▶ _WHAT IS BEING ASKED_
In the entries below, begin at the line that has "Huzhou Wealth Hotel Exterior photo" and stop after the line that has "70&#39;s Puritan crew"; output those lines exactly, leaving out pictures.

▶ _INFORMATION_

Segment Open

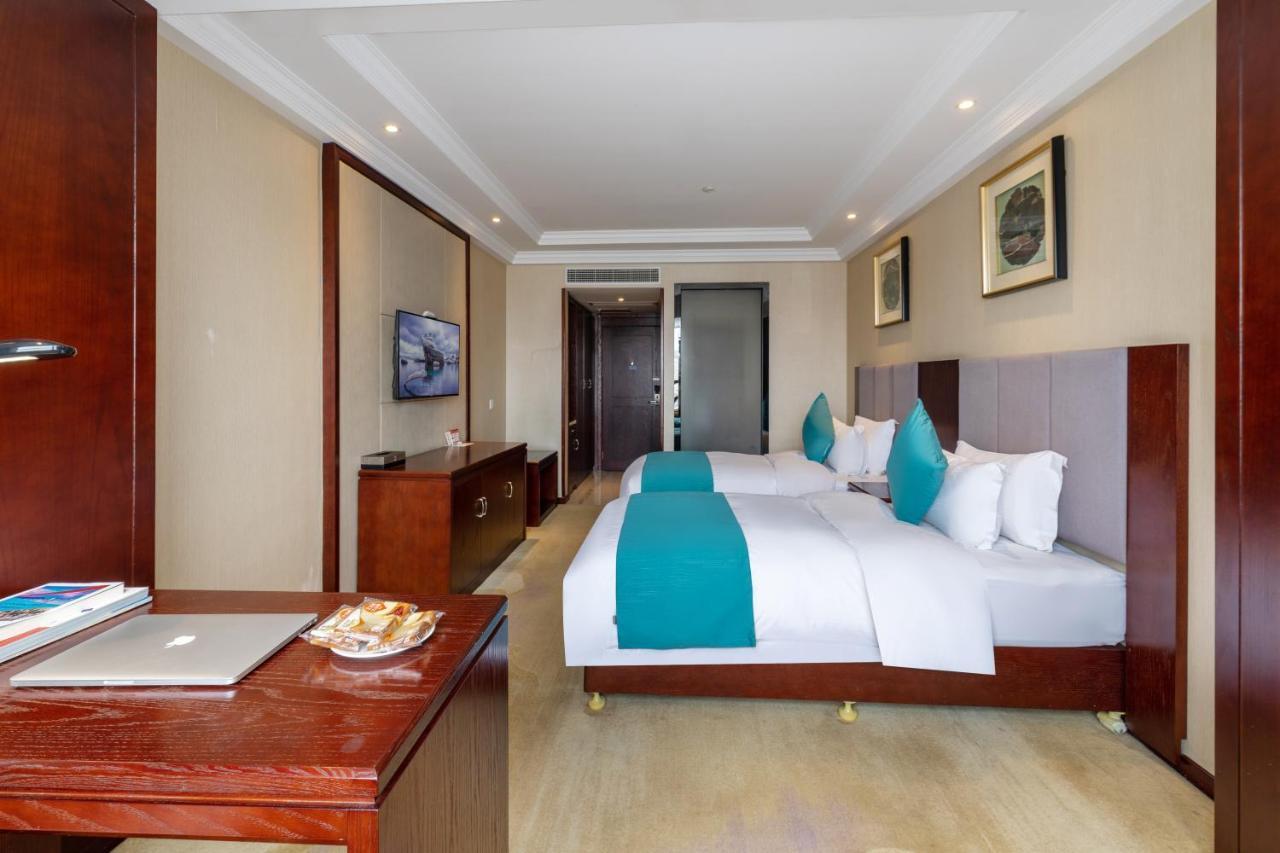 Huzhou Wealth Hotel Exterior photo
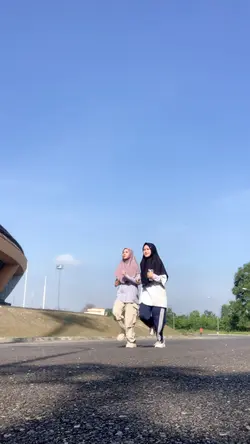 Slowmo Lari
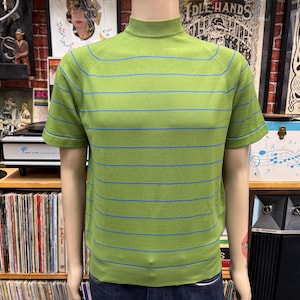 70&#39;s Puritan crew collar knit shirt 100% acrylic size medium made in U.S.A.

Segment Closed
Segment Open

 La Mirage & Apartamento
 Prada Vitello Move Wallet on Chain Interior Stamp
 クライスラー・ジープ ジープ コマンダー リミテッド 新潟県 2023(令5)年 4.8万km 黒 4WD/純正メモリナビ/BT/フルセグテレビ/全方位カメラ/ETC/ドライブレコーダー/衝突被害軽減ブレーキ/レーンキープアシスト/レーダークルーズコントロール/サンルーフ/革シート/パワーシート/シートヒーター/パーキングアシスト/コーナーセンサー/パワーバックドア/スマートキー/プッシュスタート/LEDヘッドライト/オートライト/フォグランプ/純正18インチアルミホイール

Segment Closed

▶ _ANSWER BELOW_
 Huzhou Wealth Hotel Exterior photo
 Slowmo Lari
 70&#39;s Puritan crew collar knit shirt 100% acrylic size medium made in U.S.A.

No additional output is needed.